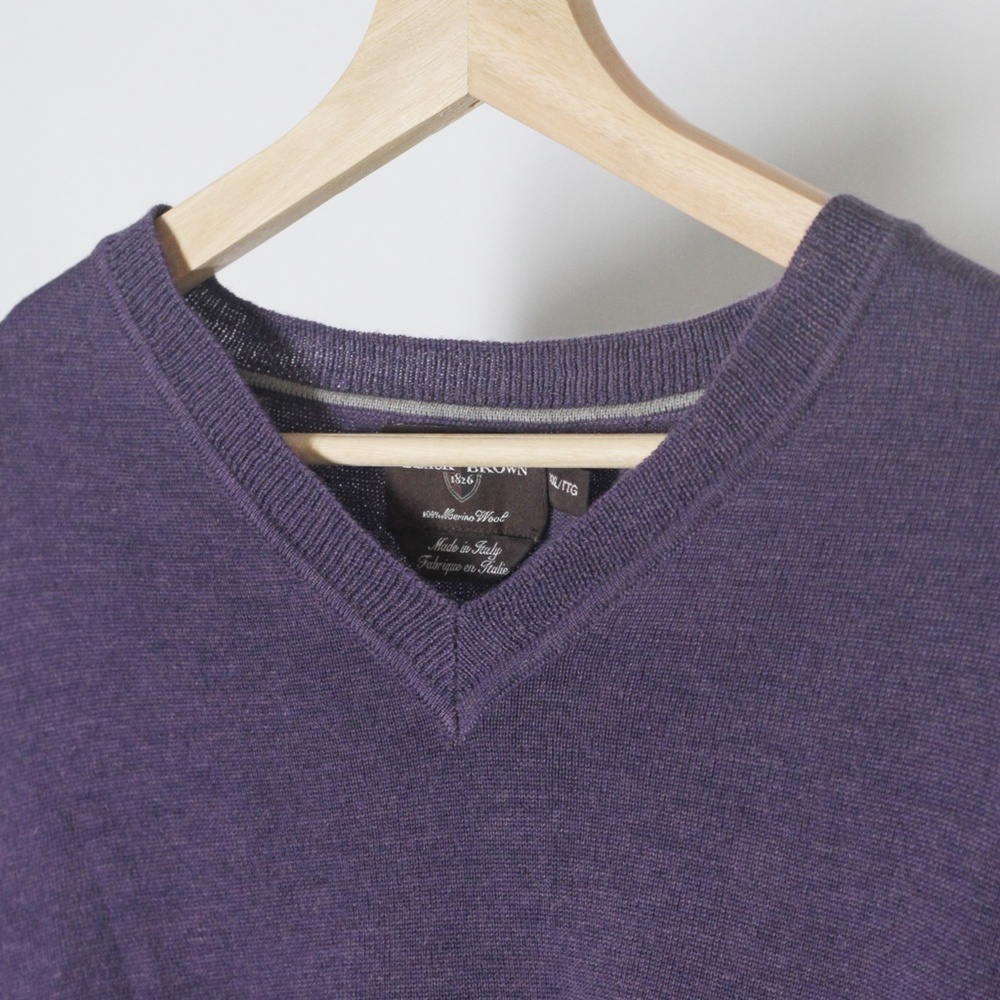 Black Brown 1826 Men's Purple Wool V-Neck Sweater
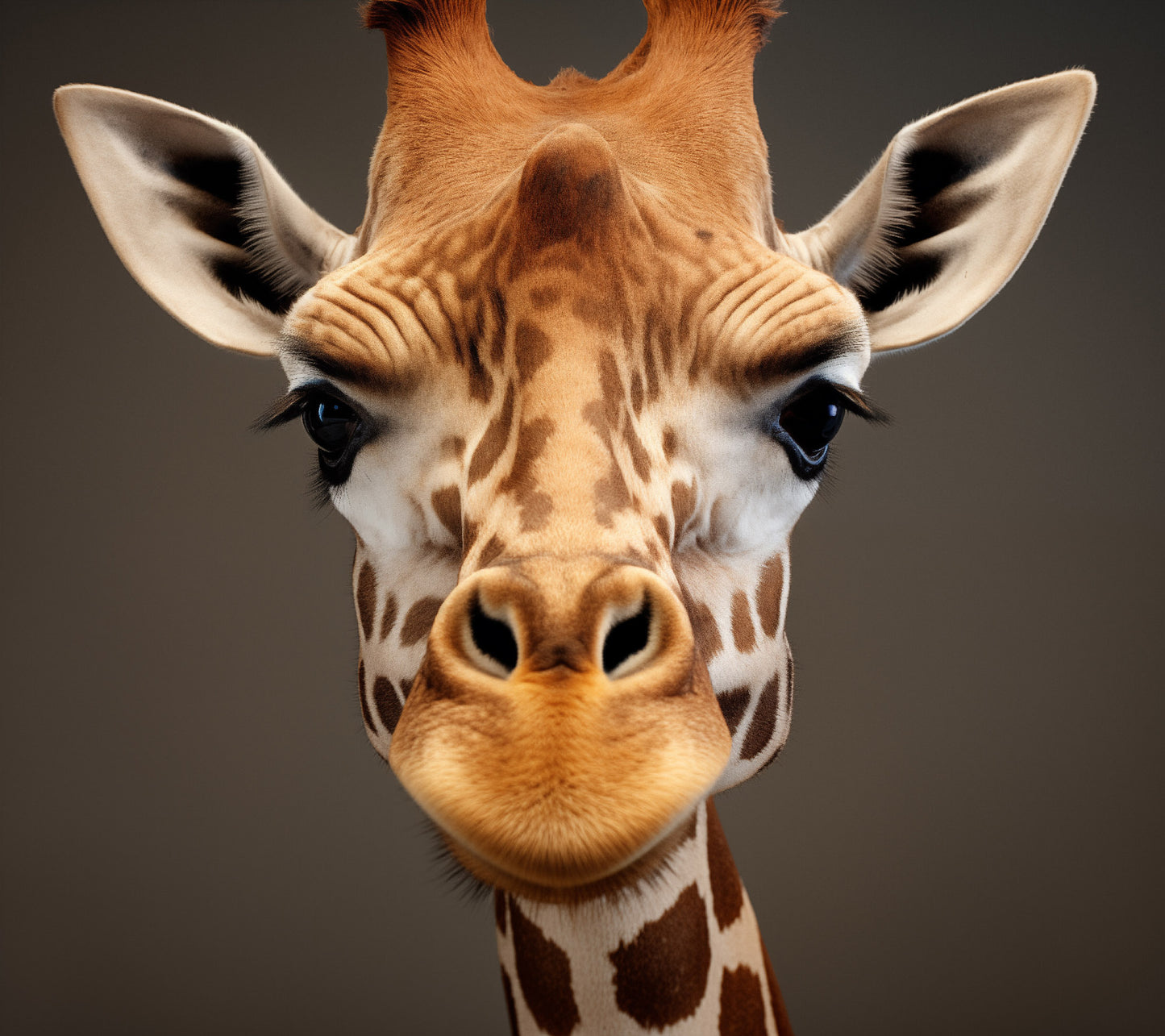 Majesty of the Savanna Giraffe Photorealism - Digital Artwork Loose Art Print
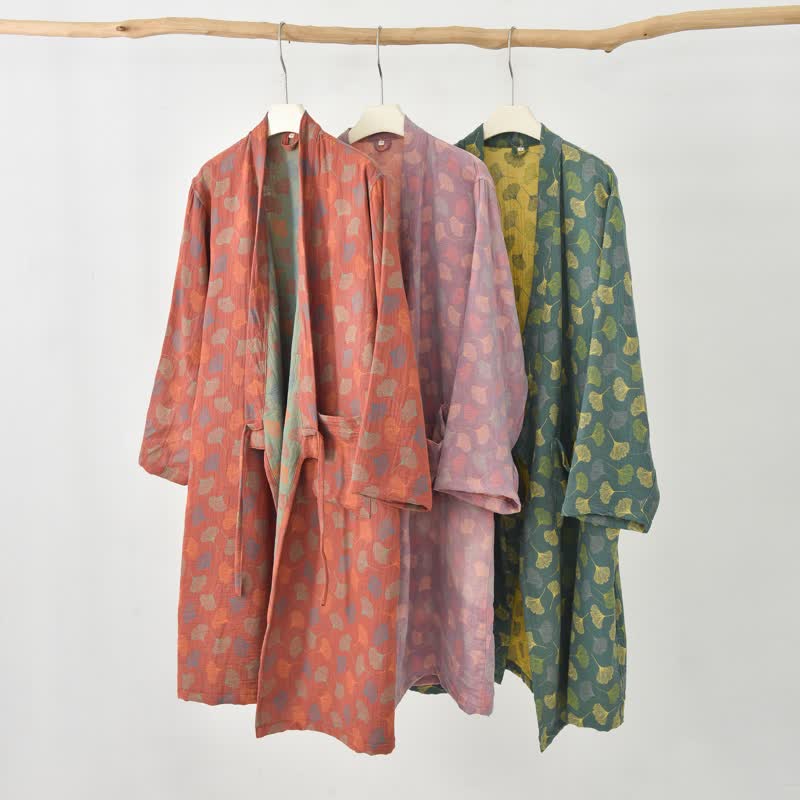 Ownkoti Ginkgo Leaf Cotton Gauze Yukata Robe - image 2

◇ ◇ ◇ ◇ ◇

* [REQUIREMENT]: The answer must be the whole listing, word for word, with no pictures in it. Please write it out.

* [SOLUTION TO THIS EXERCISE]:
 Black Brown 1826 Men's Purple Wool V-Neck Sweater
 Majesty of the Savanna Giraffe Photorealism - Digital Artwork Loose Art Print
 Ownkoti Ginkgo Leaf Cotton Gauze Yukata Robe - image 2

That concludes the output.